• _Task to carry out_: Pictures aside, reproduce exactly each line from the one holding "KTM RC 390 - BJ2016 - A2 BIKE" through the last line of the material, both ends included.

::: Dataset section :::

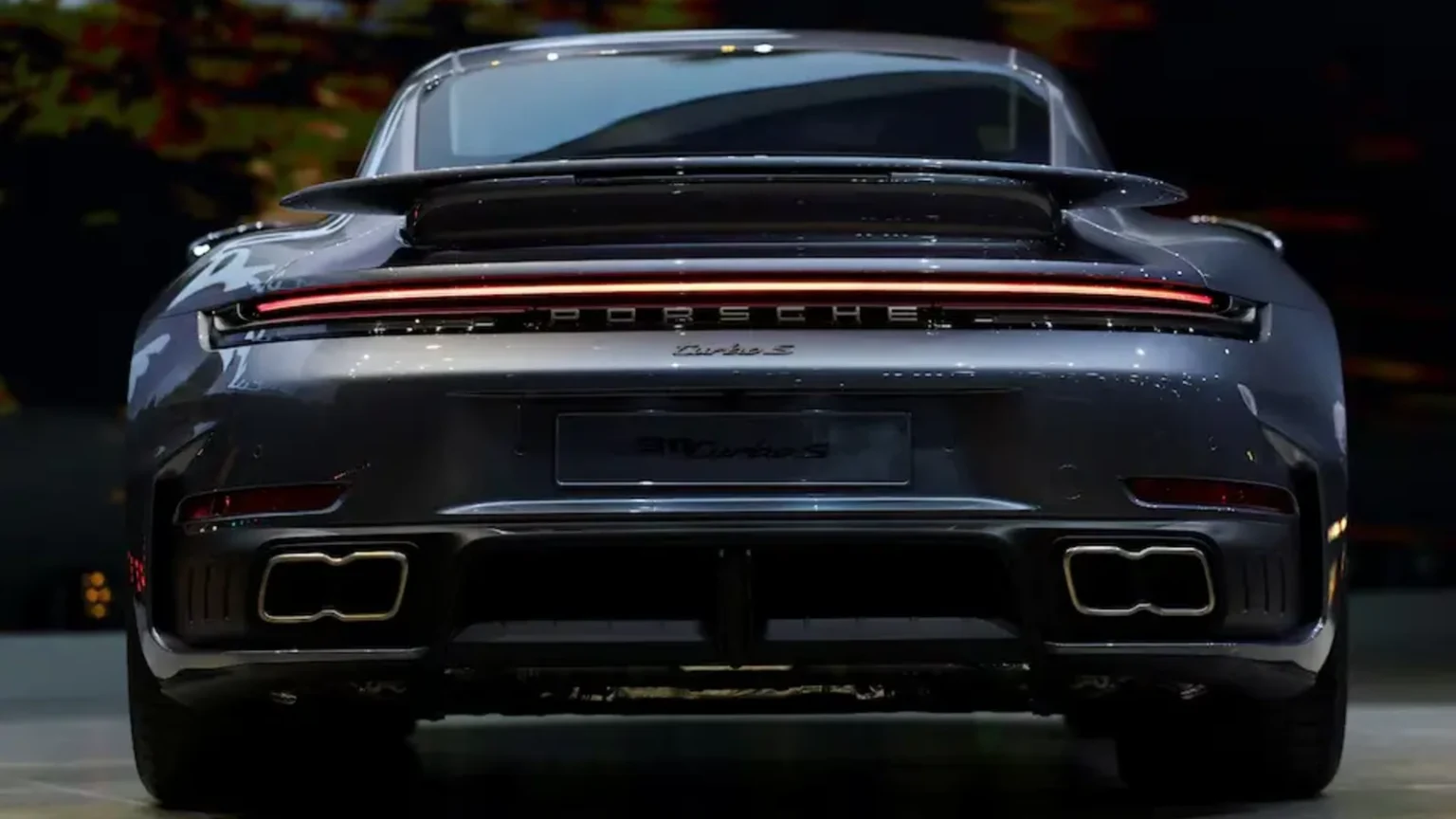 Көлік сатылымы азайса да, Porsche табысы қалай 40 есе өсті? Көлік сатылымы азайса да, Porsche табысы қалай 40 есе өсті? тақырыбы бойынша иллюстрациялық сурет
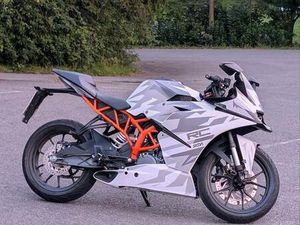 KTM RC 390 - BJ2016 - A2 BIKE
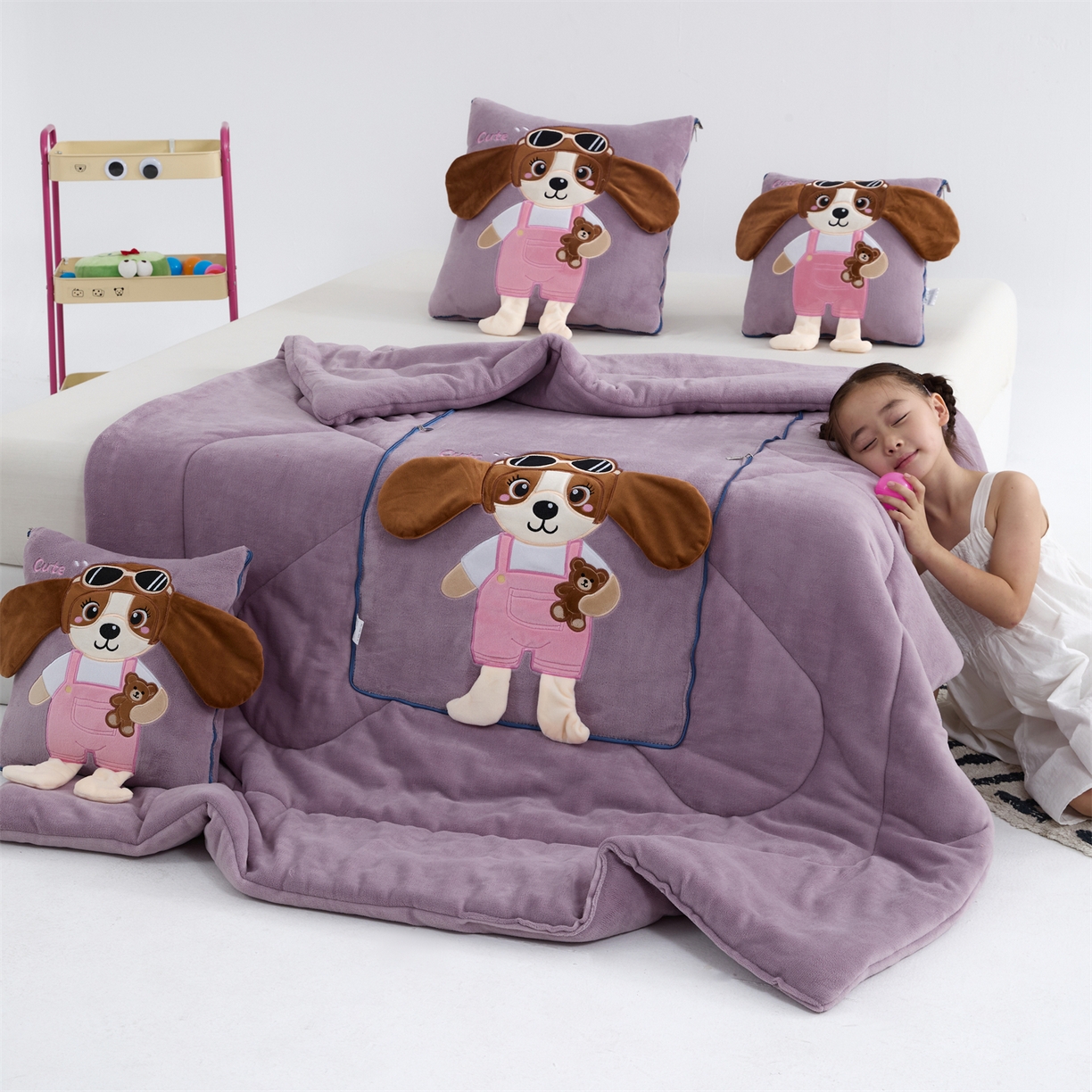 91家纺网 家纺一手货源 找家纺 吉利家居2025新款牛奶绒贴布绣多功能抱枕被-天使狗（控价小号68   大号98） 紫熏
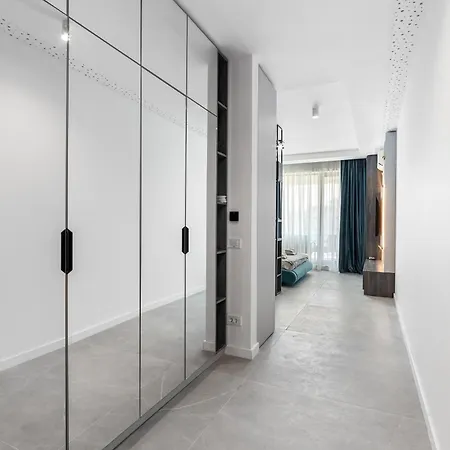 Apartment Skyview7 In Axxis Nova Mamaia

:::

• _Output below_:
 KTM RC 390 - BJ2016 - A2 BIKE
 91家纺网 家纺一手货源 找家纺 吉利家居2025新款牛奶绒贴布绣多功能抱枕被-天使狗（控价小号68   大号98） 紫熏
 Apartment Skyview7 In Axxis Nova Mamaia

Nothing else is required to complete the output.